Eventually, L heard a click and he slithered through the tight space provided by the bathroom window. The room was shrouded in darkness and so L had to tread carefully so as in order not to knock anything over. When he reached the hall he listened. Silence. Taking step by step, L took quick looks into each room. So far, he'd passed many an empty bedroom, the lounge-room and the kitchen. L rested his hand on the doorknob at the end of the hall. This was the second last door. His hopes rose as he turned the doorknob and opened the door. What he saw made him gape. What he saw made anger boil in the pit of his gut. A note shone innocently at him from behind the door.
Dear detective, it read. You must be thicker than I thought.
L tried to calm his trembling hands. How could he have been so stupid?! Of course the murderer wasn't the dumb as to keep to a pattern. This was all a hoax. They'd wanted him to find the name Lacey Harroway. They'd wanted him to go to her house. And in all that time they'd be able to complete the third murder. L tore the note to shreds and tossed the scraps to the floor.
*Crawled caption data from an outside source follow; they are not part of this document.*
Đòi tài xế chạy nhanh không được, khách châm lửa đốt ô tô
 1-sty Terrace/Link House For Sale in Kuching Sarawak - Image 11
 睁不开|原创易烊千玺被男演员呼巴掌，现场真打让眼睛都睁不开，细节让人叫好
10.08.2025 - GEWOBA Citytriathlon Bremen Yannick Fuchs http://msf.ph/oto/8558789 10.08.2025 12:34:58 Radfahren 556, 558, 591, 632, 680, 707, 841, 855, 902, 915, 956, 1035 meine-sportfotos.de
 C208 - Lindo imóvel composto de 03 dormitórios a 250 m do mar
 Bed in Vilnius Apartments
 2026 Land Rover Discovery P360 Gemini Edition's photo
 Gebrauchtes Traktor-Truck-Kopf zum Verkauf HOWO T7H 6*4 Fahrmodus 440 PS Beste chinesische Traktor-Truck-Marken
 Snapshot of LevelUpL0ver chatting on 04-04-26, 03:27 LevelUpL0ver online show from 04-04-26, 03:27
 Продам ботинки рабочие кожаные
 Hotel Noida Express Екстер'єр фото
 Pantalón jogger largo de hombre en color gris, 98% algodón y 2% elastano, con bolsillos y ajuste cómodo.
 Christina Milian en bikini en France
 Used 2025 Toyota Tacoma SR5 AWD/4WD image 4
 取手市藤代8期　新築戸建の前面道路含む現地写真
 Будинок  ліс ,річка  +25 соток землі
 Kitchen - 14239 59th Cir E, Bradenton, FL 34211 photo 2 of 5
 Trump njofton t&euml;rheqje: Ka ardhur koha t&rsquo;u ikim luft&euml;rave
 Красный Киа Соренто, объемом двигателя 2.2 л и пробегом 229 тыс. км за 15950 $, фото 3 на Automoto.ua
Meanwhile, while this very amusing spectacle was occurring, I followed ('The Aquaintance,' as we shall call them from now on), looked down at their latest victim. They didn't enjoy making a mess of anything and so they had strangled them to death. It was another man. Middle aged and very rich.
“I have to admit that I admire your ingenuity. Leaving that note for L was very cunning,” I said to The Acquaintance.
They grinned. “I know.” Then they washed their hands clean under the nearby tap, the clear liquid turning red. “Who's the next victim?”
I thought for a moment, enjoying the feeling of superiority. Back in the Shinigami Realm it was a battle of wits and everyone subjects to that insufferable Shinigami King. Plus, a Shinigami will do anything for an apple and so it was a usual thing for a small rebellion to break out among the Death Gods only to die down due to a sudden appearance of the barely edible grey fruit that is a Shinigami apple.
“Well?” The Acquaintance was growing impatient.
I settled myself in the dead man's couch, folding my wings back and dangling an apple between my thumb and forefinger. Even though they probably didn't know it yet, their role in all of these events was an equivalent to a pawn in chess. I was the player. I was the one in control. And I might've been lying when I said that I try my best to stay away from you humans as much as possible. This one adventure was certainly an exception but I assure you that it was all for a greater cause.